И еще кое в чем врать себе не надо: Петров отнюдь не лишил
бы ее вчера девственности. Конечно, он омерзительный, по этой причине Карина и
трепыхалась, и орала как резаная, но насчет непоправимого урону – тоже не
стоило вводить в заблуждение и себя, и добрых людей вроде Иванова. Нет же –
взмахнула возмущенная девица правым рукавом, и пошли клочки по закоулочкам.
Сиди теперь, кусай локти.
Чем-то нынешняя ситуация до боли напоминает тот день – такой
же, кстати, слякотный, промозглый, – когда Карина осознала, что совершила
роковую ошибку, до срока уйдя из спорта. Нервы подвели! Конечно, трагедия с
Риммой, а прежде всего несчастье со Всеволодом очень повлияли на нее. Но чем
дальше, тем больше все это отходило в прошлое, как бы подергивалось дымкой,
размывалось, в то время как самые приятные моменты прошлой жизни становились
все более яркими, объемными – и ранящими душу своей невозвратимостью. И все же,
пока оставалась надежда на удачу на подиуме, Карина могла справляться с унынием
и приступами самоедства. А теперь, когда она второй раз упустила блестящий
шанс, дарованный судьбой, сидит она вовсе не в старом, продавленном и оттого
особенно уютном кресле. Сидит она натурально у разбитого корыта своей судьбы.
Рыбка-удача хвостом по воде плеснула и ушла себе в синее море, а Карина
осталась при своих, как принято выражаться, интересах и утирает слезки…
Карина встала, потянулась и подошла к зеркалу. Старинное,
чуть потемневшее, помнившее еще ее бабушку волшебное стекло отразило тоненькую
фигурку с взлохмаченными темно-каштановыми волосами и огромными карими глазами.
Какое отчаяние на лице! Какой беззащитный вид! Надо сохранить его подольше.

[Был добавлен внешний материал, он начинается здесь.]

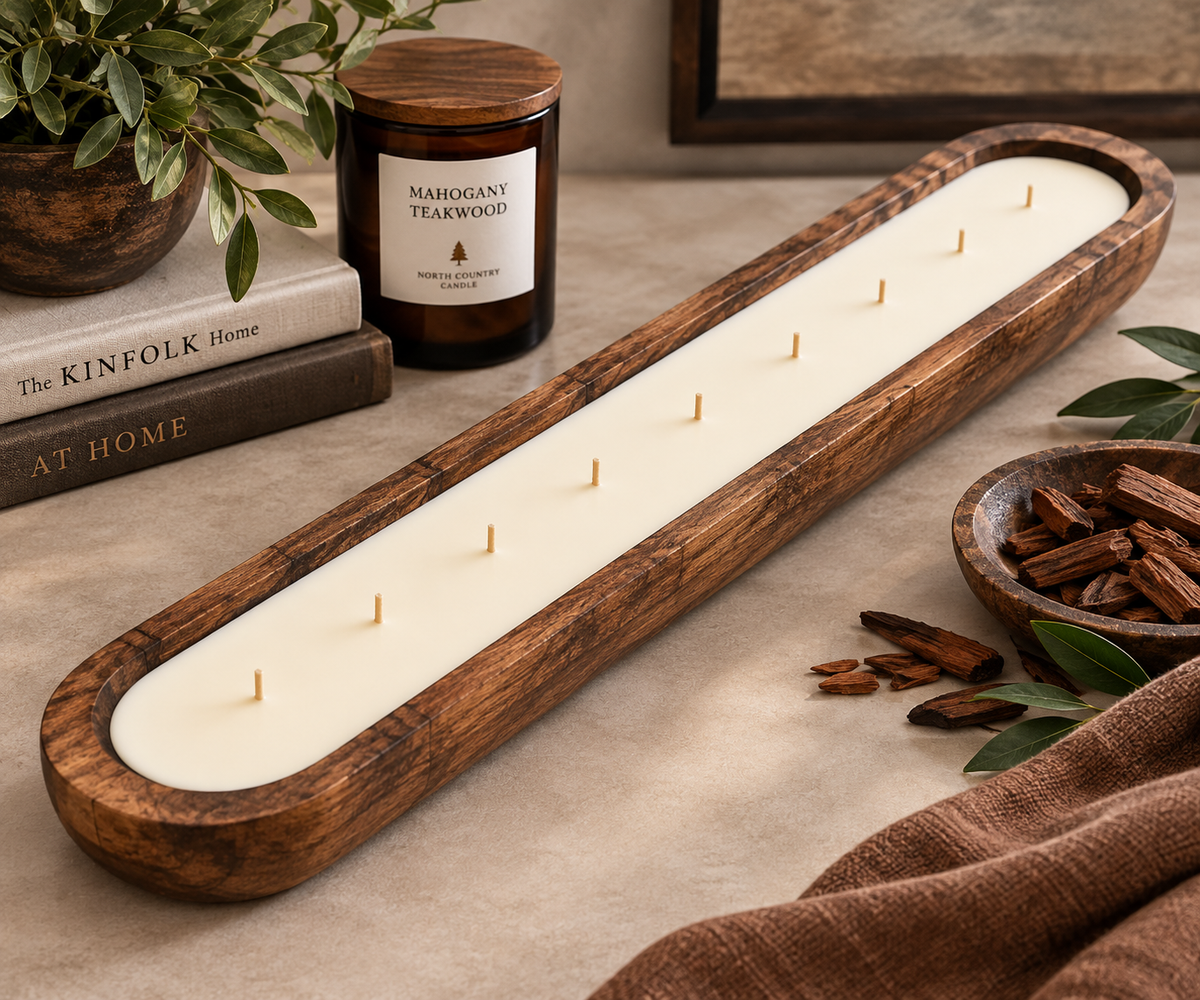 Mahogany Teakwood | 30 inch Dough Bowl Candle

Надо стереть с нежных губ эту шаловливую усмешку, которая нет-нет, да и
набегает на них… словно фига, которая украдкой высовывается из кармана. Да,
Карина приберегла для судьбы кое-какую фигу. Только надо быть осторожной, очень
осторожной, не спугнуть удачу в третий раз. Третий – роковой! Последний шанс… сейчас
он кажется совсем блеклым, чуть видным, очень даже невыразительным, но не зря
же так трепещет сердце и нетерпеливо покалывает в кончиках пальцев. Надо все
рассчитать, надо действовать точно – и тогда… и тогда, кто знает, не окажется
ли так, что и спорт, и карьера на подиуме – всего лишь жалкая мишура перед тем
сиянием истинного сокровища, путь к которому вдруг указала Карине добрая
тетушка Судьба?
Она беспомощно подрожала губами, потом перевернула
фотографию и набрала номер телефона, нацарапанный на ее обороте контурным
карандашиком сливового цвета, который вчера, вместе с прочей амуницией и
кое-какой косметикой первой необходимости, купил ей Иванов.
* * *
Что характерно, Александра даже не испугалась.
– А ну-ка, постучите! – приказала сердито. – Да посильнее!
Нас там внизу заливает, а хозяева не слышат.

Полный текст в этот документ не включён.